### Task statement
Find the line that contains "未镶嵌琥珀珠宝奇石柒月"; please output it and each line after it, exactly as shown, up to the end of the entries below, skipping pictures.

### Data for review
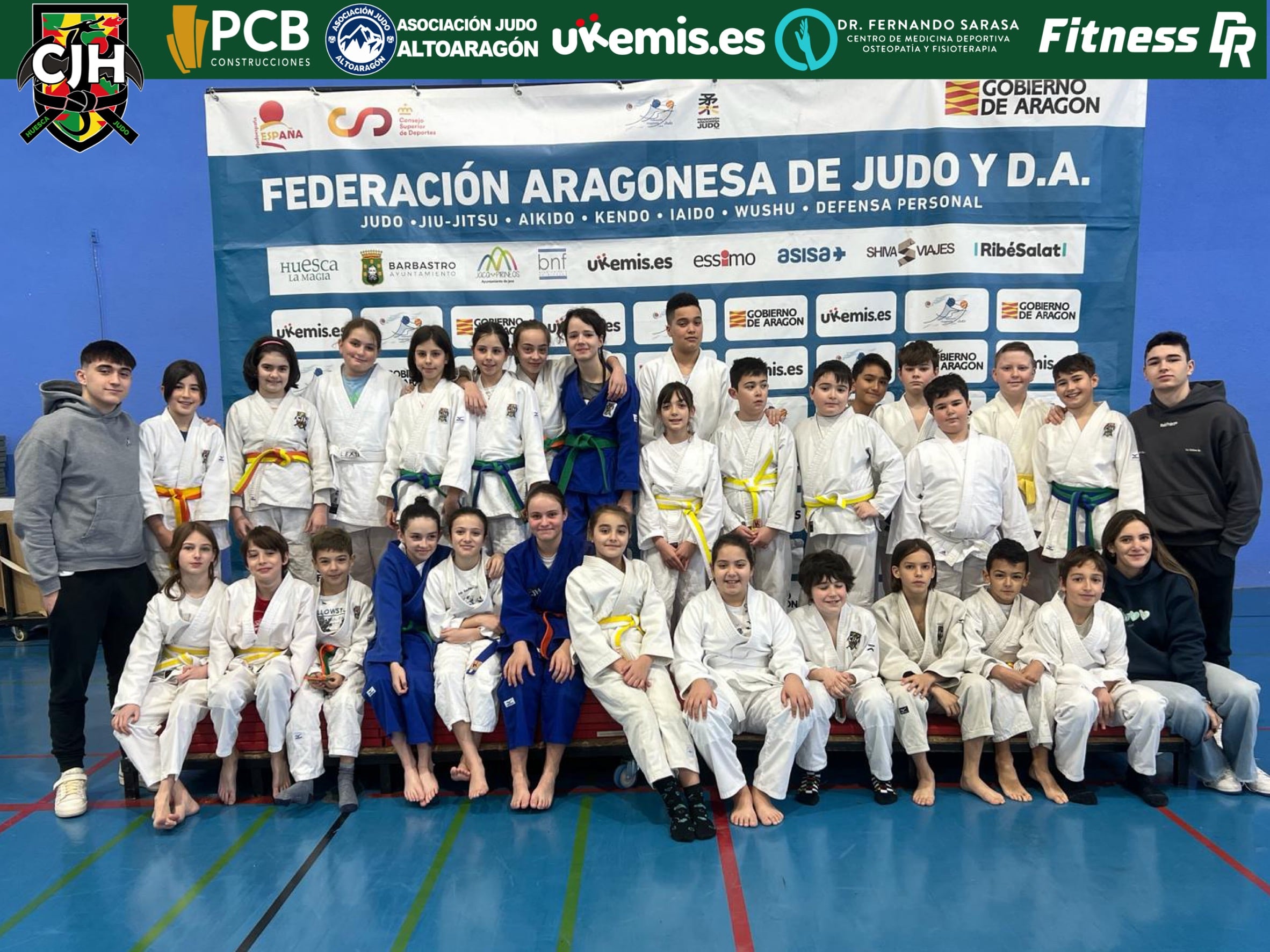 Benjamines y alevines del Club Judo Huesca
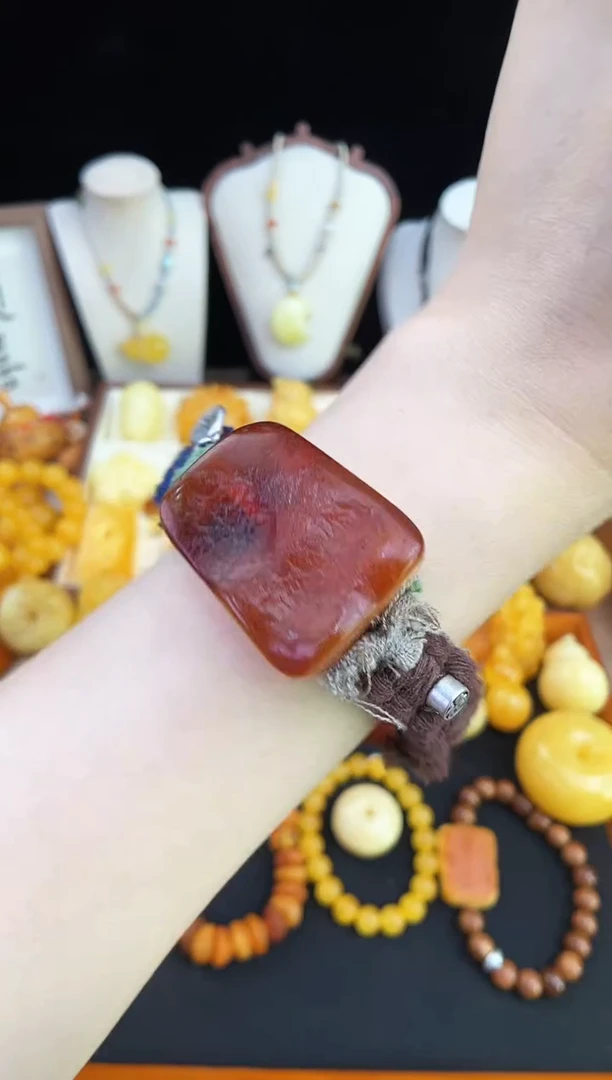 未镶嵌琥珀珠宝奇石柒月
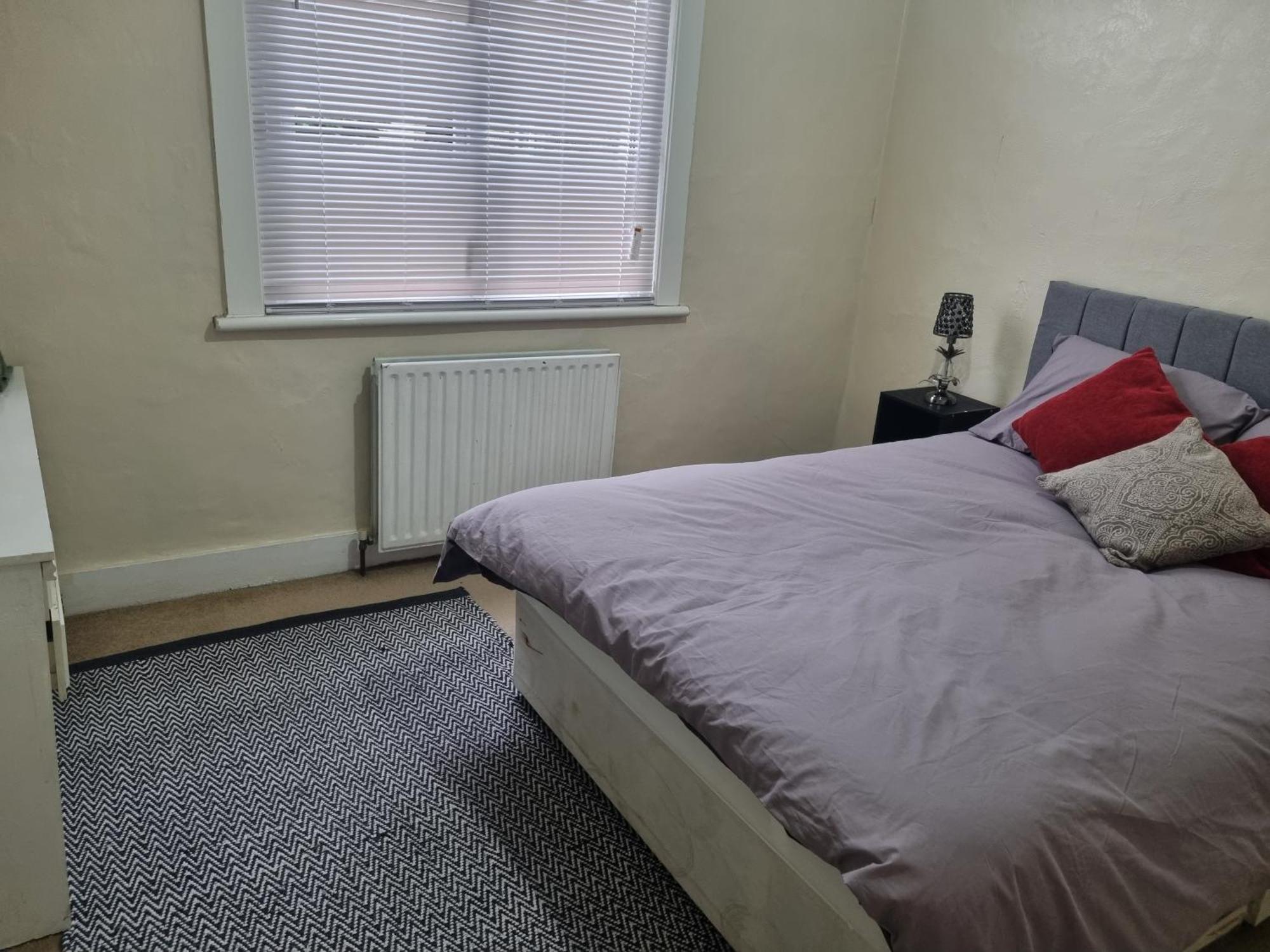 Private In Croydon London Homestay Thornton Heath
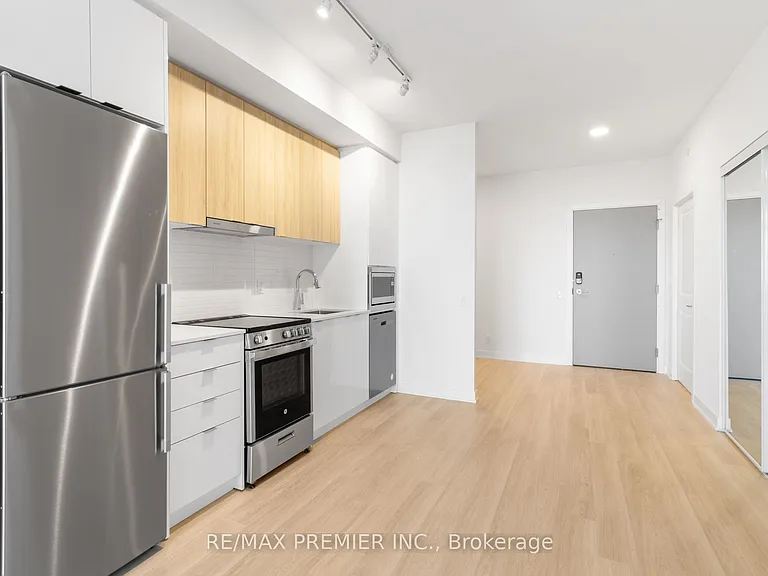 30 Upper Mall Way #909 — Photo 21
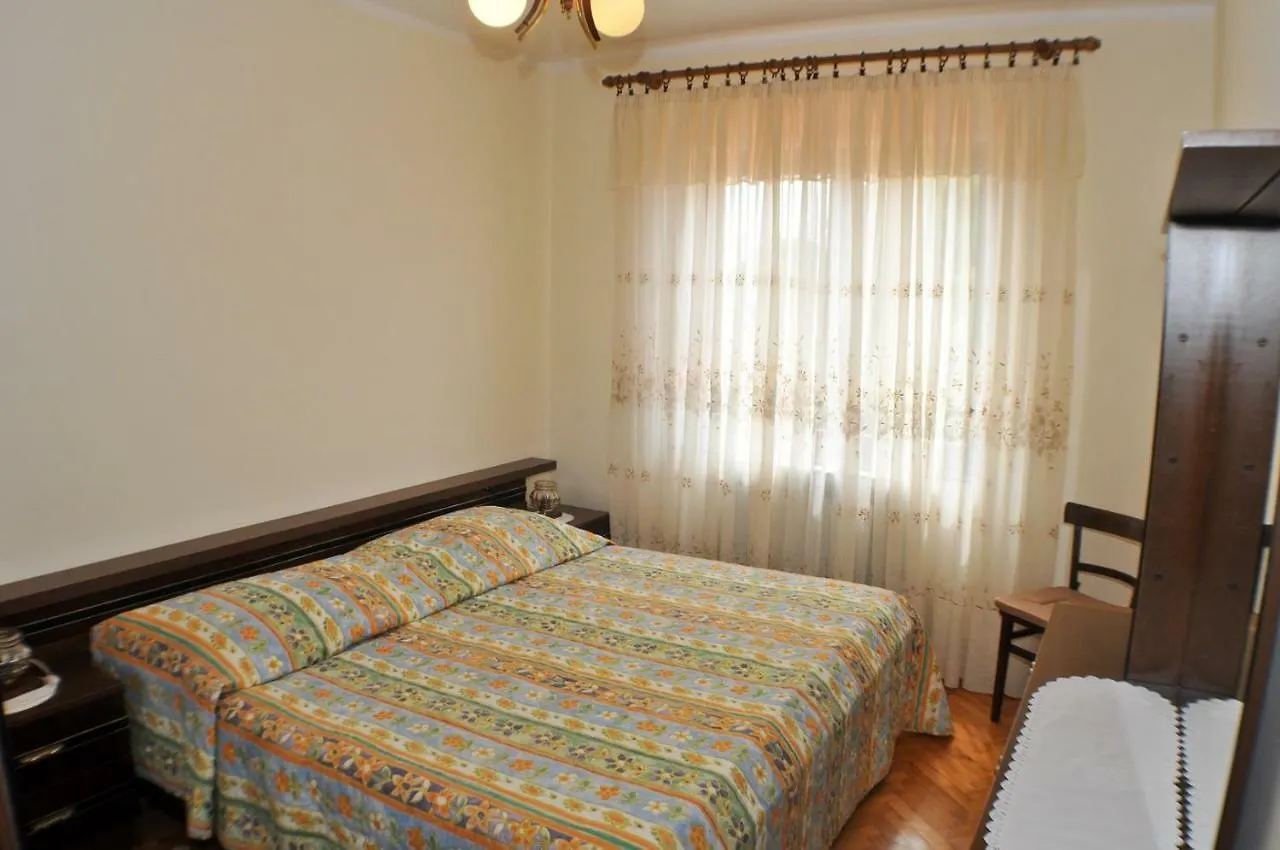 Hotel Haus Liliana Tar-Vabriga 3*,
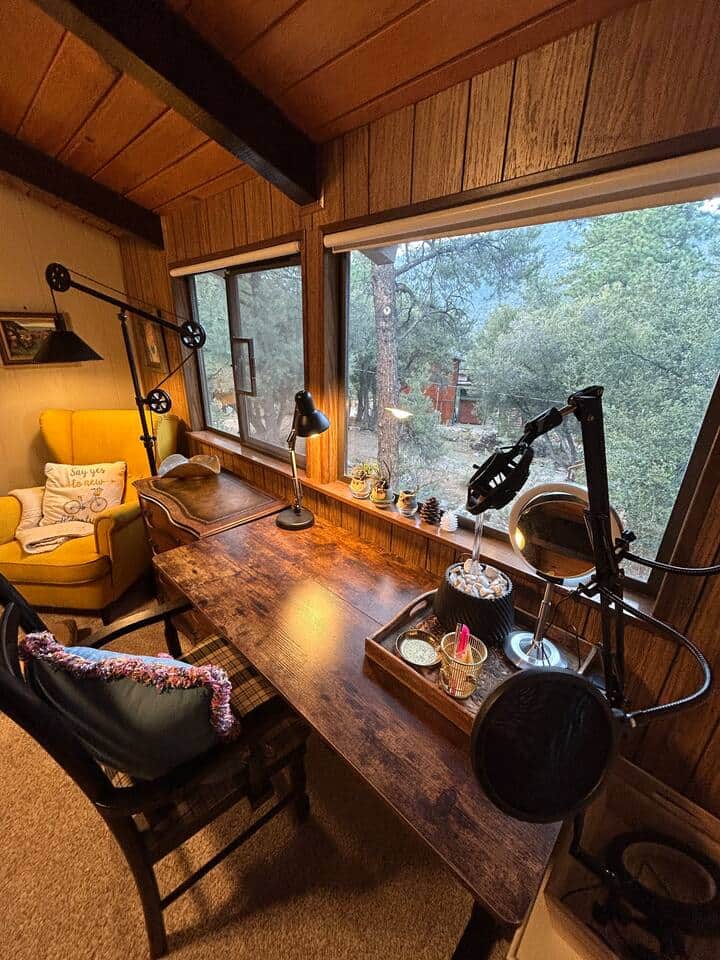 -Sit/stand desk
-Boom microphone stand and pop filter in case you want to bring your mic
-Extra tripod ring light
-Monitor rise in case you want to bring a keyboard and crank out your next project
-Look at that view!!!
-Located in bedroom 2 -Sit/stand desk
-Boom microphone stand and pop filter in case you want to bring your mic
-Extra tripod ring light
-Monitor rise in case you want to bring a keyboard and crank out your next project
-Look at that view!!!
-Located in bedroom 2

### Solution for this exercise
 未镶嵌琥珀珠宝奇石柒月
 Private In Croydon London Homestay Thornton Heath
 30 Upper Mall Way #909 — Photo 21
 Hotel Haus Liliana Tar-Vabriga 3*,
 -Sit/stand desk
-Boom microphone stand and pop filter in case you want to bring your mic
-Extra tripod ring light
-Monitor rise in case you want to bring a keyboard and crank out your next project
-Look at that view!!!
-Located in bedroom 2 -Sit/stand desk
-Boom microphone stand and pop filter in case you want to bring your mic
-Extra tripod ring light
-Monitor rise in case you want to bring a keyboard and crank out your next project
-Look at that view!!!
-Located in bedroom 2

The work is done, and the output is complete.